Bare-metal Kubernetes, Part IX: Renovating old Deployments

Discussion on Hacker News

As of writing this, my cluster has been up and running mostly as expected for 300 days!

During this time I've made an effort to keep Talos and Kubernetes somewhat up to date, as well all the different helm charts and kustomizations running within it, whenever I stumbled on an out of date version. This has worked reasonably well, primarily because of the small scope of the project, but it'd be real nice to automate this process. That way I get to stay up to date with all the developments, and don't accidentally leave a piece of critical infrastructure to fester in some corner, collecting CVEs.

The easiest way to go about this, as far as I am aware, is with Renovate Bot. In short, it looks at all your dependencies (or deployments in this case) and compares each of their versions to what the latest one is, opening issues and pull requests with versions bumps to make upgrading as easy as possible.

The helm chart we'll be using is available here.

Series Index

Complete source code for the live cluster is available @github/MathiasPius/kronform

Personal Access Token

First thing we need is a personal access token which can access our repository. The required permissions for a token are listed here, but since Members and Checks don't appear to be available, and I don't actually want it to create any workflows, I ended up with the following list:

PermissionScope
Checksread
Commit statusesread + write
Contentsread + write
Issuesread + write
Pull requestsread + write
Workflowsread + write
Administrationread
Dependabot alertsread
Membersread
Metadataread

Take the granted token and shove it in a secret:

# manifests/infrastructure/renovate/secret.yaml
apiVersion: v1
kind: Secret
metadata:
  name: renovate-env
  namespace: renovate
type: Opaque
stringData:
  RENOVATE_TOKEN: "github_pat_ABABABABABABBABABABABABABABABBABABABABABABABABBABABABABABABABABBABAB"

We could throw the rest of our configuration into this secret as well, but since the rest of the options aren't actually, you know, secret, then I'll specify those in the renovate.config in the helm release below.

Don't forget to encrypt the secret!

sops -e -i manifests/infrastructure/renovate/secret.yaml

Deployment

Configuring the HelmRepository and HelmRelease is exactly as easy as all the other times we did it, the only interesting parts here are the renovate.config fields, and specifying that we want the Renovate job to pull in our renovate-env secret.

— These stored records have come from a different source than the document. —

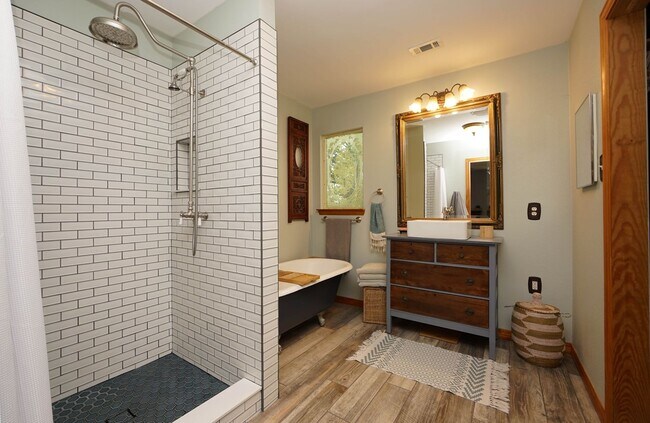 Building Photo - Charming Home in Poquito Bayou – A Nature ...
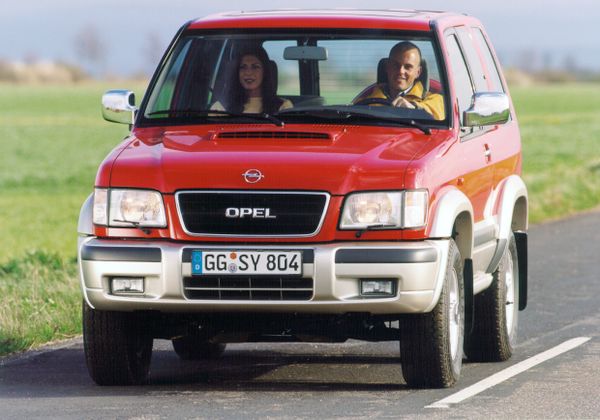 אופל מונטריי 1998. מרכב, צורה. רכב שטח 3 דלתות, 1 דור, שדרוג
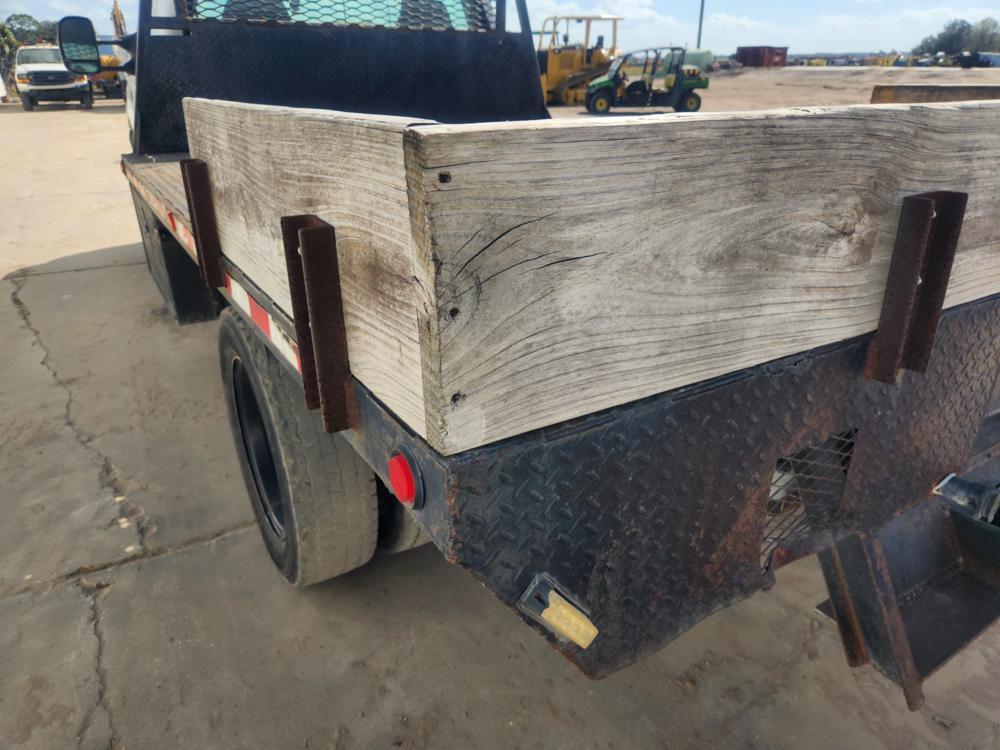 2001 Ford F550 4x4 Flatbed Truck, 7.3L V8 Engine, Automatic Transmission, D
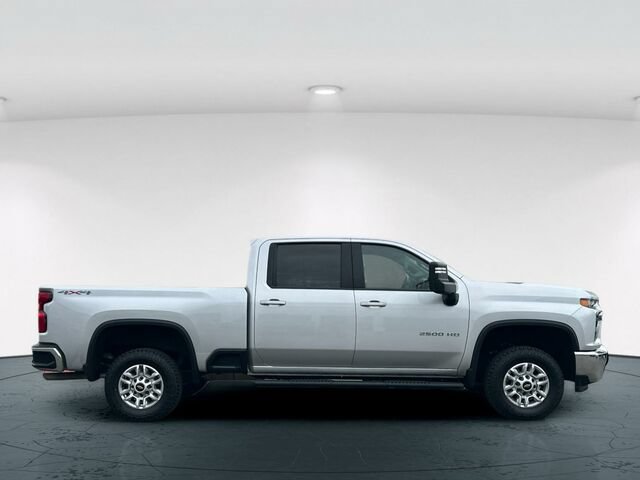 Used 2021 Chevrolet Silverado 2500 LT w/ Convenience Package AWD/4WD image 7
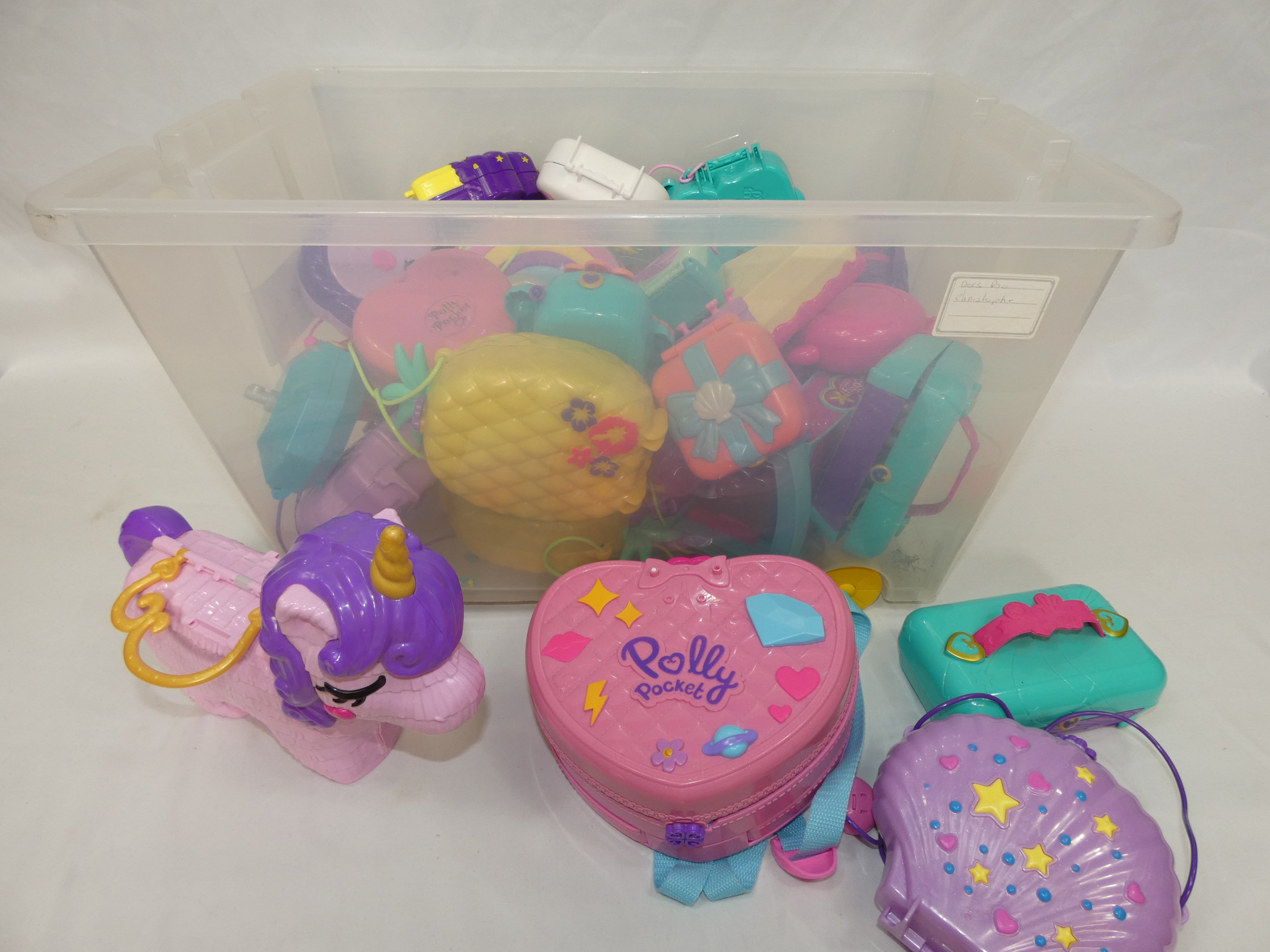 Voir photo 3 de Lot de jouets Polly Pocket vendu en l'état en vrac de modèles et d'époques différentes 9 Kg Lot de jouets Polly Pocket vendu en l'état en vrac de modèles et d'époques différentes 9 Kg Bon état reconditionné photo 3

# manifests/infrastructure/renovate/renovate.yaml
---
apiVersion: source.toolkit.fluxcd.io/v1beta2
kind: HelmRepository
metadata:
  name: renovate
  namespace: renovate
spec:
  interval: 5m0s
  url: https://docs.renovatebot.com/helm-charts
---
apiVersion: helm.toolkit.fluxcd.io/v2beta2
kind: HelmRelease
metadata:
  name: renovate
  namespace: renovate
spec:
  interval: 5m
  chart:
    spec:
      chart: renovate
      version: ">=37.0.0 <38.0.0"
      sourceRef:
        kind: HelmRepository
        name: renovate
        namespace: renovate
      interval: 1m
  values:
    renovate:
      config: |-
        {
          "extends": ["config:recommended"],
          "labels": ["renovate", "dependencies"],
          "platform": "github",
          "repositories": ["MathiasPius/kronform"]
        }
    envFrom:
      - secretRef:
          name: renovate-env

Making it Go

With all that committed and deployed by Flux, we can trigger the Renovate cronjob just to get things going, instead of waiting till 01:00 in the morning.

$ kubectl create job --from cronjob/renovate renovate-1 -n renovate

And very soon after we receive a Pull Request from the Renovate bot. LGTM!

The Curse of Being Built Different

One of the choices I made with this cluster which has been a perpetual pain in the ass, was overriding the cluster.local default dns domain. As it turns out, a LOT of Kubernetes-packaged services assume this to be standard, and will cause them to fail in weird and incomprehensible ways.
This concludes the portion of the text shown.